Rosalie saß in der kleinen gemütlichen Küche auf dem Boden und stapelte Bauklötze, während Arlassia das Frühstück für sie beide bereitete. Es war ihr wichtig, den Morgen so mit Rosalie zu beginnen. Später hatte sie wieder viel zu tun und deshalb genoss sie die Morgenstunden besonders. Sie wendete den Pfannkuchen in der Pfanne und ärgerte sich. Ein ganzes Kilo Nougatpralinen. Weshalb hatte sie zugestimmt, diese Menge in zwei Tagen fertig zu stellen und dann auch noch auszuliefern? Sie musste lernen, auch mal nein zu sagen. Die Nougatherstellung war einfach zeitintensiv und anstrengend zugleich und nun ärgerte sich die Dunkelhaarige über sich selbst. Heute mussten die Pralinen noch mit feiner Bitterschokolade überzogen werden und am Abend würde sie das Naschwerk zur genannten Adresse bringen. Sie hob Rosalie vom Boden auf und platzierte das Mädchen im Hochstuhl. Ihre Arme waren lahm und taten weh und den kleinen Brocken zu heben, entlockte ihr einen kleinen Schmerzlaut. „Mamaa? Au? Rosa pust!“ und schon tat das kleine Ding das, was sie angekündigt hatte. Sie pustete um das Wehwehchen ihrer Mutter zu vertreiben und Arla gab ihr einen Kuss auf die hübschen dunklen Locken und wieder spürte sie dieses warme Gefühl tiefer Liebe zu ihrem Krümelmonster.
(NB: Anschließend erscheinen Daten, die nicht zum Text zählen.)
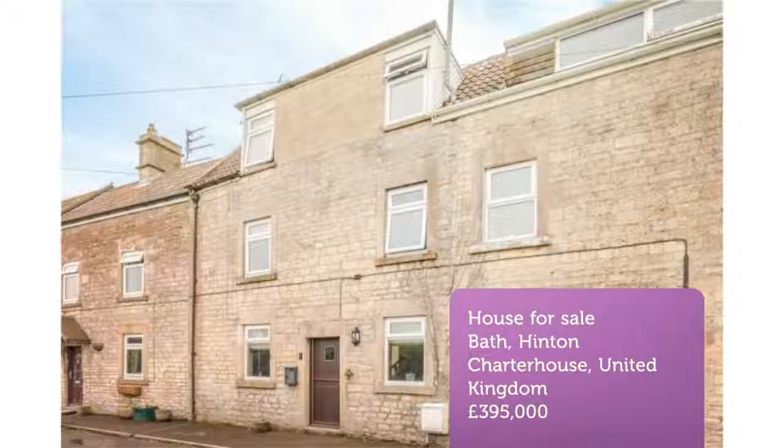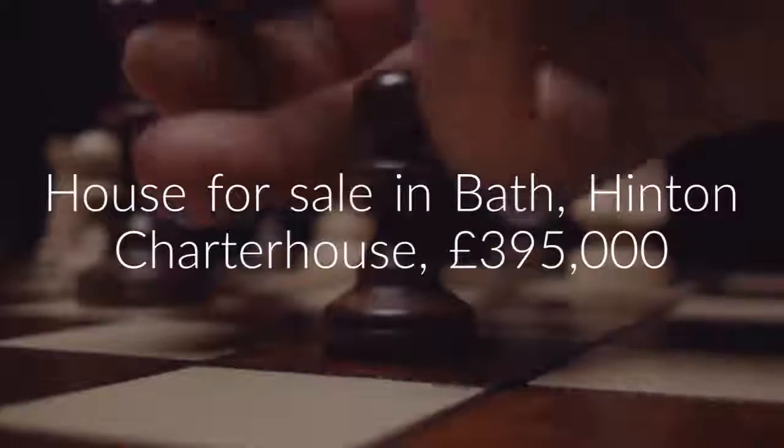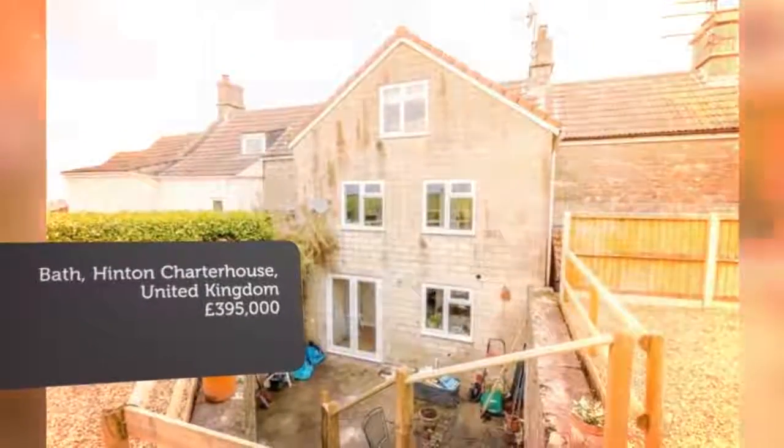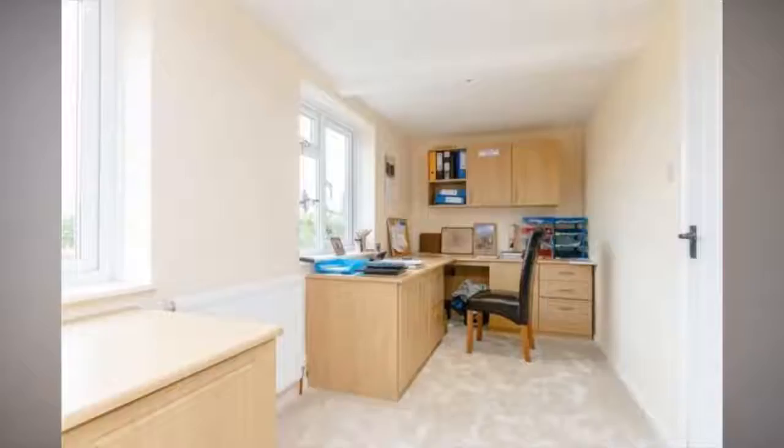Bath 5 miles. Room 6 miles. London Paddington from 90 minutes from Bath Spa Station. Open plan sitting room/dining room. Kitchen. Master bedroom with en suite shower room. Two further bedrooms. Bathroom. Garden. EPC rating D.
Jetzt waren die Pfannkuchen im Fokus des Kindes und schon grabschten die kleinen Finger danach. Arlassia genoss ihren Milchkaffee und beobachtete Rosalie beim frühstücken. Die Sonne schien ins Küchenfenster und tauchte ihren Lieblingsraum in der neuen Wohnung in einen hübschen goldenen Schimmer. Sie mochte den Blick auf das Fenster besonders. Ihr kleiner Kräutergarten auf der Fensterbank zwischen den dezent karierten Gardinen verströmte einen aromatischen Duft und Arlassia lehnte sich in ihren Korbstuhl zurück. Noch ein paar Minuten, dann würde sie anfangen. Rosalie plapperte munter in ihrer Kleinkindersprache, während sie den zweiten Pfannkuchen verputzte und Arla ließ sich einfach berieseln.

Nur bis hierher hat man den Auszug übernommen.